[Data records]

══════

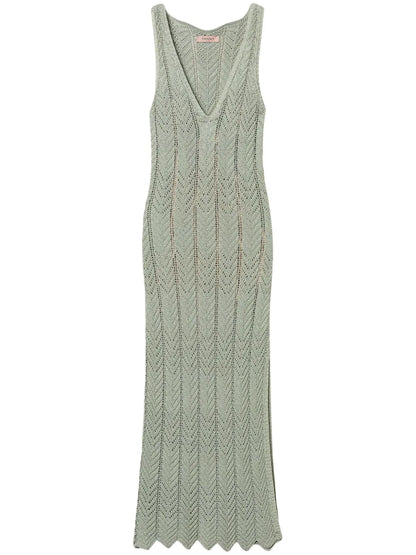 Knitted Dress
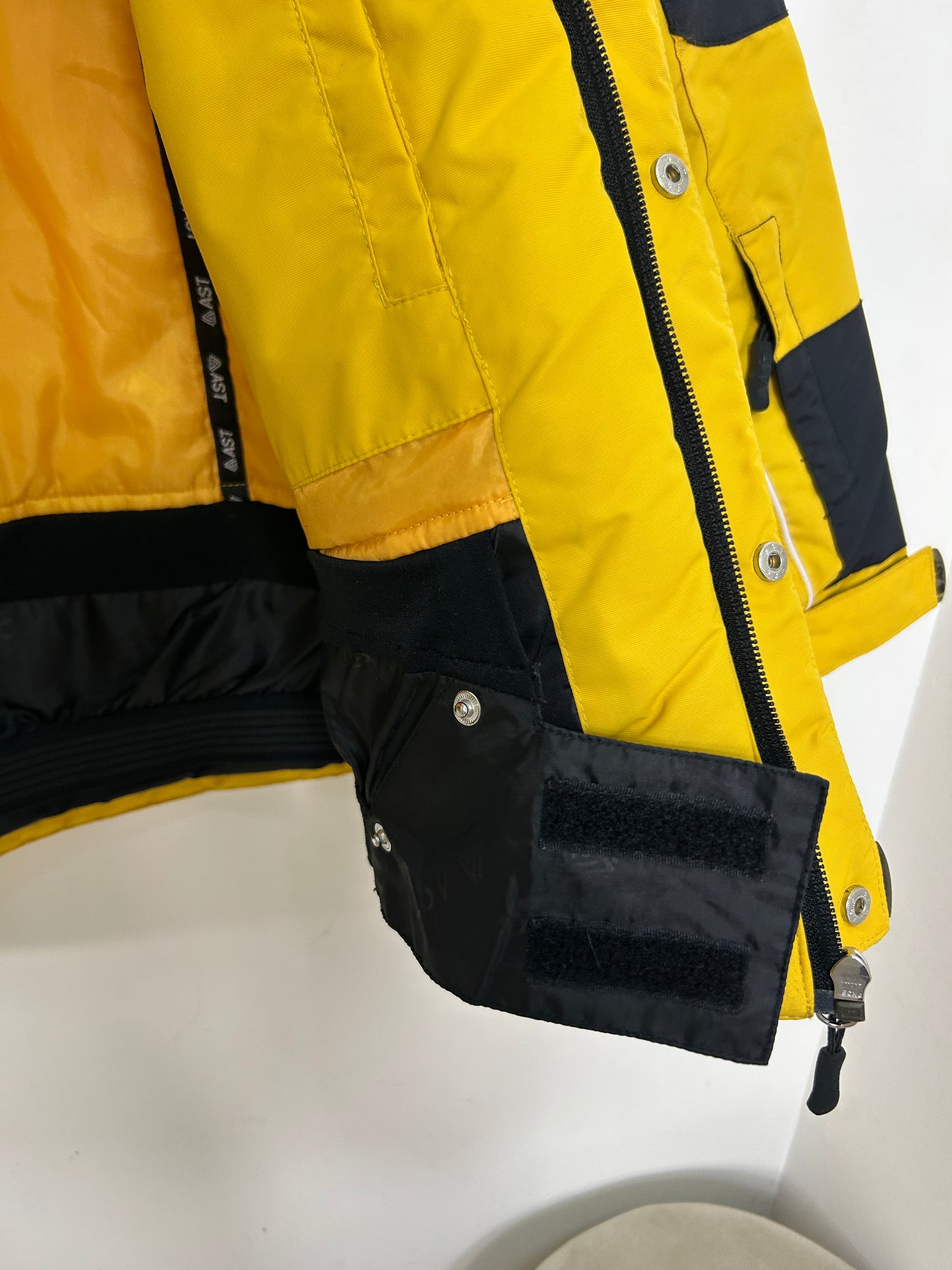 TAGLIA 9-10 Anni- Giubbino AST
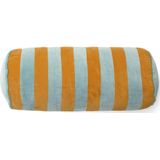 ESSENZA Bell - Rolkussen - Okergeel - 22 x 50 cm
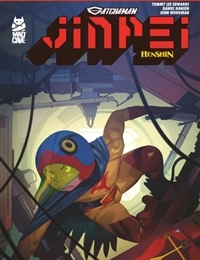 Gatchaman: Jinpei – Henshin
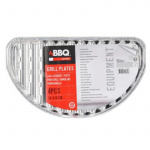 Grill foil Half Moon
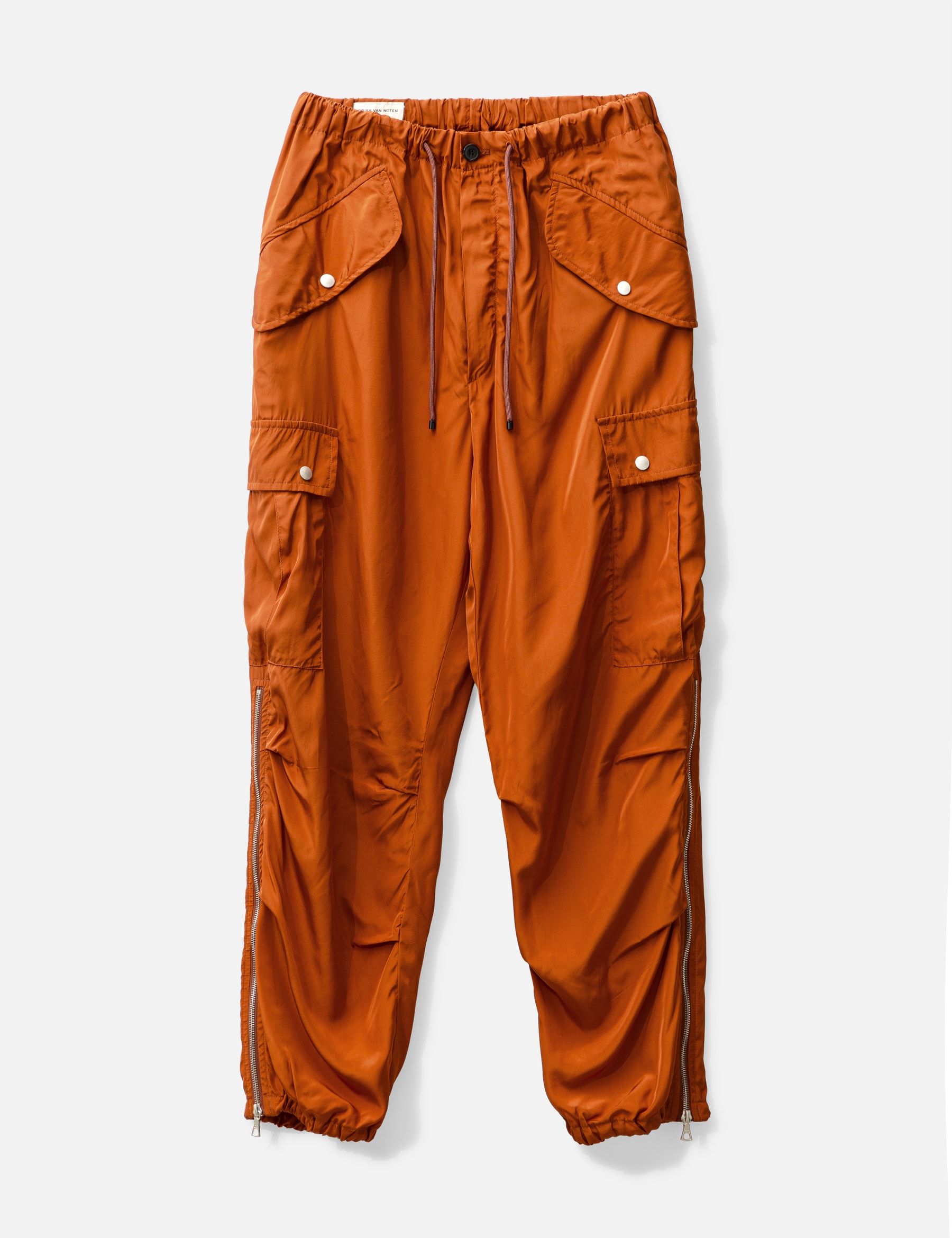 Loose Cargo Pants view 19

══════

* **Problem**: Exactly as they appear above, write out all the entries, but not the images.

* **Solution for this problem**:
 Knitted Dress
 TAGLIA 9-10 Anni- Giubbino AST
 ESSENZA Bell - Rolkussen - Okergeel - 22 x 50 cm
 Gatchaman: Jinpei – Henshin
 Grill foil Half Moon
 Loose Cargo Pants view 19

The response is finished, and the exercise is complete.